Exclusive Excerpt from Leaning Into the Look
by Lane Hayes
Whatever I was about to say was reduced to static when Miles smiled. It was no ordinary smile. This one had impact. It hit me smack in the middle of my chest. I couldn’t help returning the gesture times ten. We stood there grinning at each other like a couple of fools for a long moment until his cell buzzed.
Miles pulled his phone from his pocket and read his text.
“Eric needs something from his bag.” He responded to the message and then waited for a response before reading aloud, “ ‘It’s at the house, in the blue guest room.’ I suppose I’d better get back to work. I’ll walk with you till the path ends then head up the hill. You can entertain me on the way.”
“What kind of entertainment did you have in mind?”
“Tell me about your love life,” he suggested, batting his eyelashes when I gave him a funny look.
I huffed. “It’s good it’s a short walk back, because I have nothing to share.”
“No sordid affairs, clingy lovers, or troublesome conquests?”
I snickered at his faux-serious tone. “Nothing. Sorry to disappoint you. At the moment, I’m kinda grateful. I’ll have my hands full dealing with my folks next week. I can’t imagine adding boyfriend-level stress to the mix.”
“Understandable. However, I didn’t use the word ‘boyfriend.’ Who was the last person who made your pulse race?”
I furrowed my brow as though giving his lighthearted query serious thought. Then I stopped abruptly before we neared the gravel path leading to the winery and snapped my fingers. “You.”
Miles went perfectly still. I couldn’t tell if he was breathing either, which of course only proved the point that he was, in fact, guilty of giving me heart palpitations.

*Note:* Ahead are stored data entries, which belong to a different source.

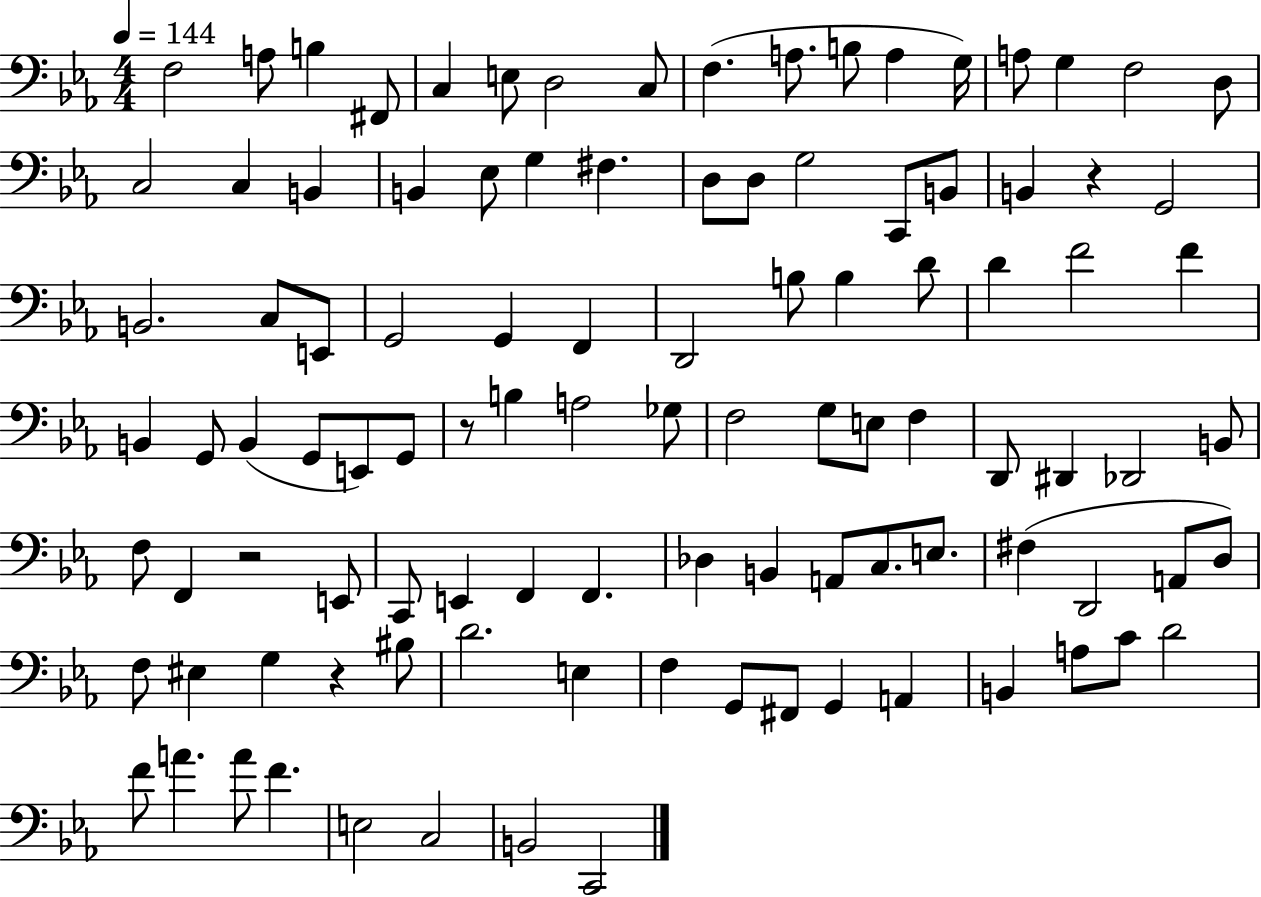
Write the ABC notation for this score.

X:1
T:Untitled
M:4/4
L:1/4
K:Eb
F,2 A,/2 B, ^F,,/2 C, E,/2 D,2 C,/2 F, A,/2 B,/2 A, G,/4 A,/2 G, F,2 D,/2 C,2 C, B,, B,, _E,/2 G, ^F, D,/2 D,/2 G,2 C,,/2 B,,/2 B,, z G,,2 B,,2 C,/2 E,,/2 G,,2 G,, F,, D,,2 B,/2 B, D/2 D F2 F B,, G,,/2 B,, G,,/2 E,,/2 G,,/2 z/2 B, A,2 _G,/2 F,2 G,/2 E,/2 F, D,,/2 ^D,, _D,,2 B,,/2 F,/2 F,, z2 E,,/2 C,,/2 E,, F,, F,, _D, B,, A,,/2 C,/2 E,/2 ^F, D,,2 A,,/2 D,/2 F,/2 ^E, G, z ^B,/2 D2 E, F, G,,/2 ^F,,/2 G,, A,, B,, A,/2 C/2 D2 F/2 A A/2 F E,2 C,2 B,,2 C,,2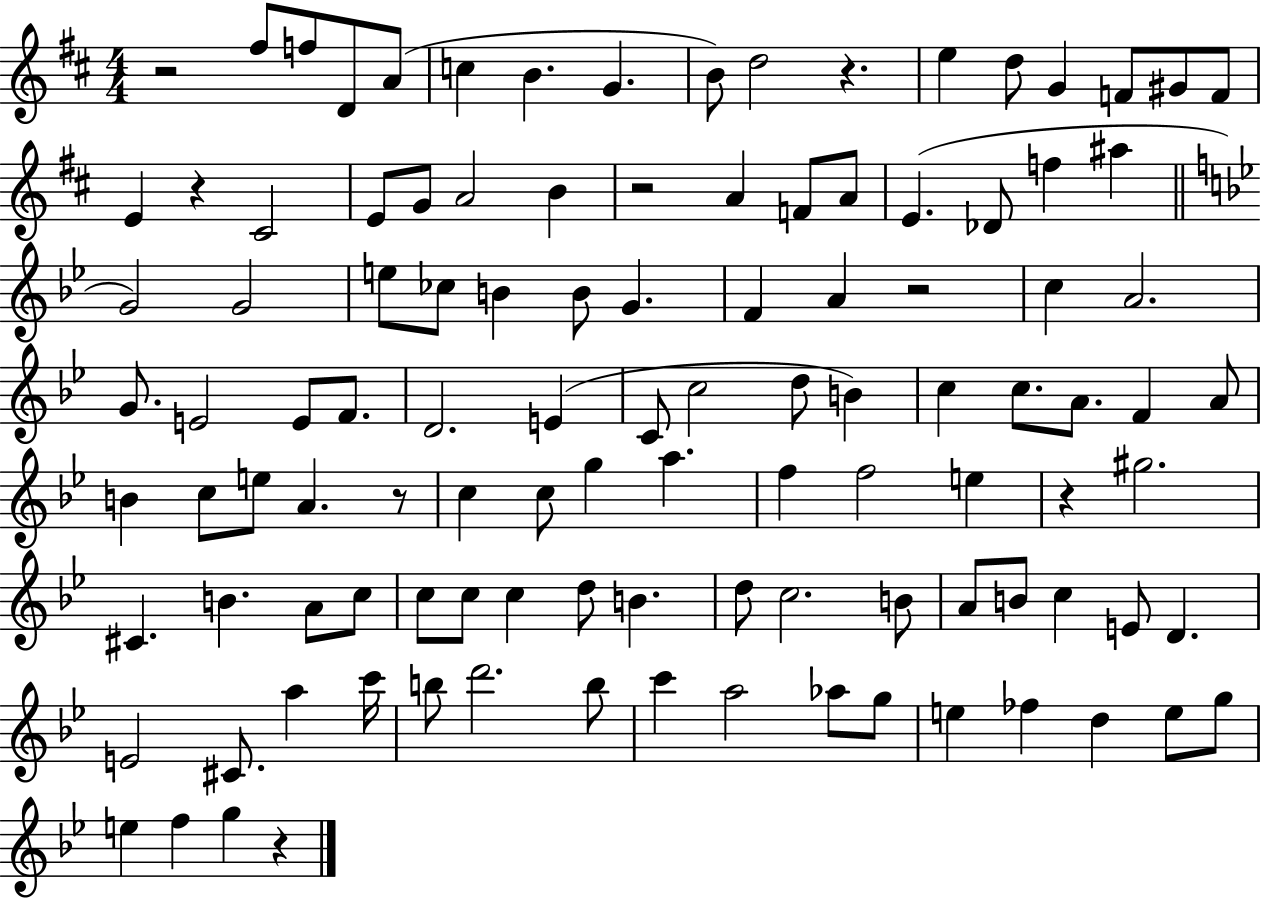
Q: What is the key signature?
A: D major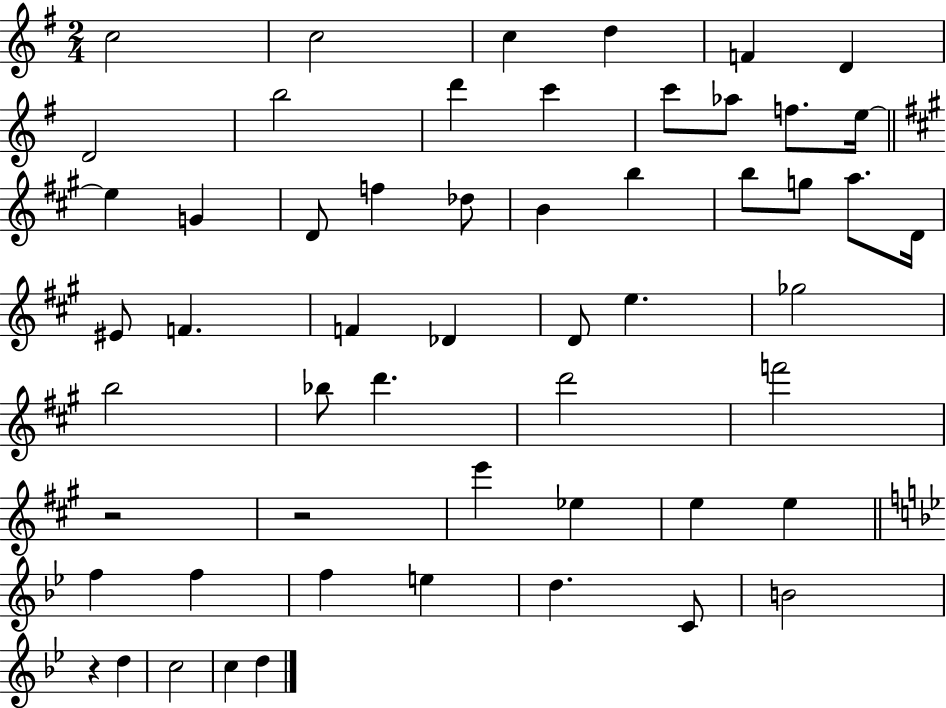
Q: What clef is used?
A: treble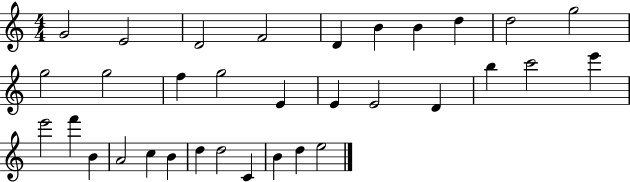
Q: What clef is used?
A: treble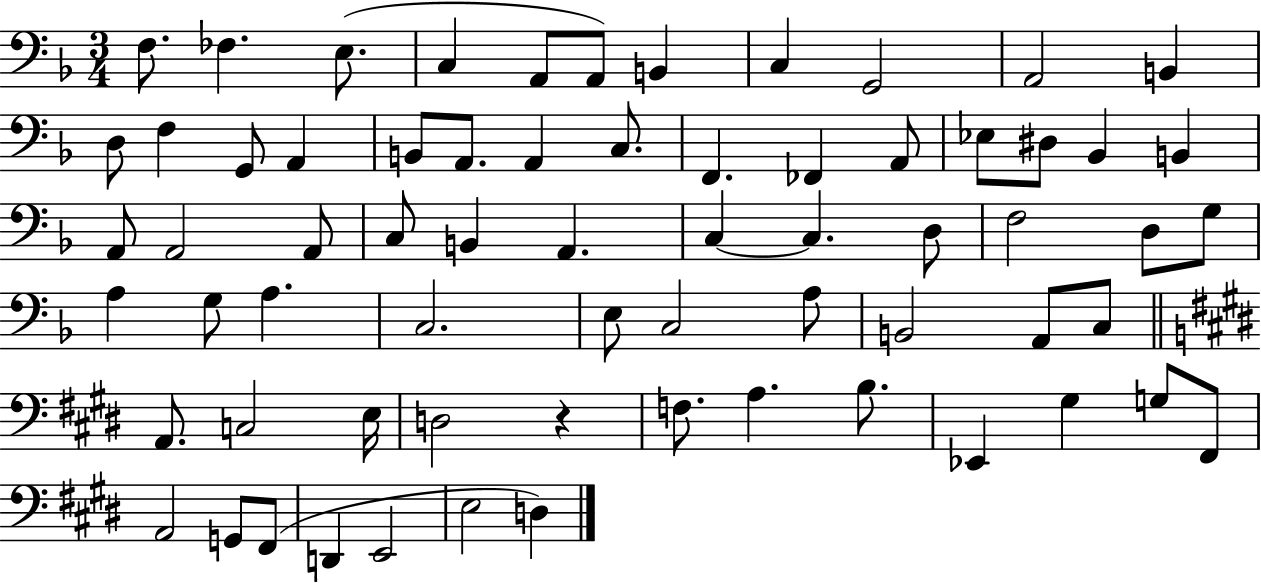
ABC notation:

It was a known fact that on top of my inability to hold my liquor and effectively handle overbearing family members, I had terrible comic timing. I couldn’t tell a joke to save my life or pull off witty banter without it coming across as awkward flirtation. My satisfaction at rendering him temporarily speechless was ruined when I opened my mouth a moment later, and nothing came out. This was why I stuck close to guys like Josh and Eric, who seemed to know how to extricate themselves from sticky situations. When I was a kid, I would literally run for the hills to find a quiet place to hide until my anxiety faded.
Now I had no idea how to get myself out of this. I didn’t want to give Miles the wrong impression but I didn’t—
“Relax, Grant,” Miles said kindly. “I get it. A racing pulse can be caused by indigestion too. Is that what you were saying?”

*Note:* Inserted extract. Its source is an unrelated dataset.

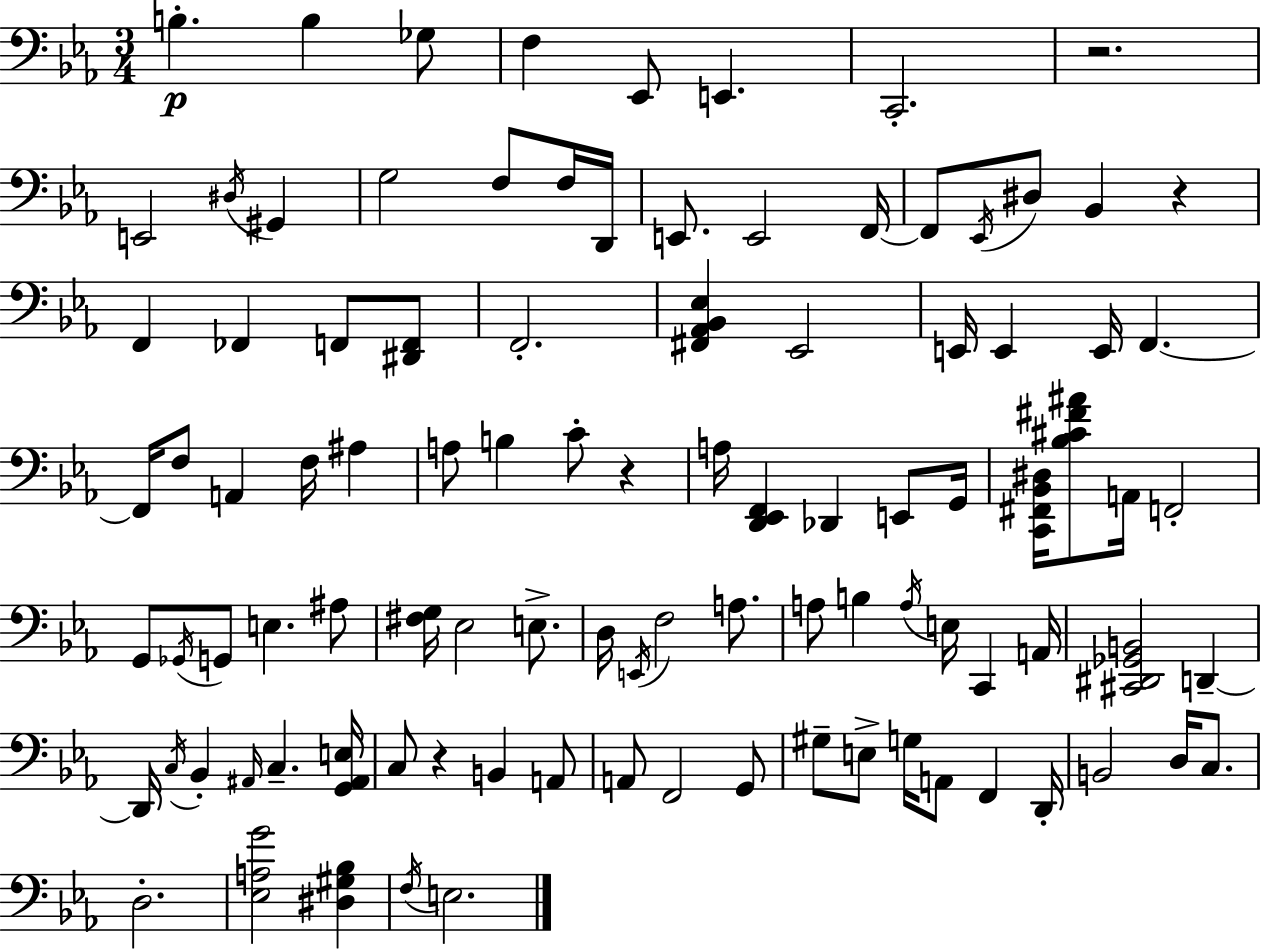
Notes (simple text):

“Of course not. I would never—”
“Oh, please.” He raised his hands in exasperation and then stalked ahead of me. Then he spun around and pointed a finger at me. “Why can’t anyone say what they think anymore? I’m not talking about crackpots spouting inflammatory BS on social media. I’m talking about honest, face-to-face communication. If everyone only says what they think others want to hear instead of the truth, how will we know what’s real or who can be trusted?”
“I wasn’t lying. You really are the last person to make my pulse race,” I admitted with a weak smile. “You make me nervous.”
“I do? Why?” he asked, tilting his chin curiously.
And this was exactly why I avoided Miles. One minute we seemed to be on the same page and the next, I was scrambling to keep up with him or I was dragging my feet, hoping he’d move on without me.
“I don’t—I mean…I—don’t know.”
Before I could add a quick good-bye and get the hell out, Miles pivoted on his heels in a half circle then moved back to my side. His eyes lit with easy humor. “If it’s any consolation, you make me nervous too. See you later, handsome.”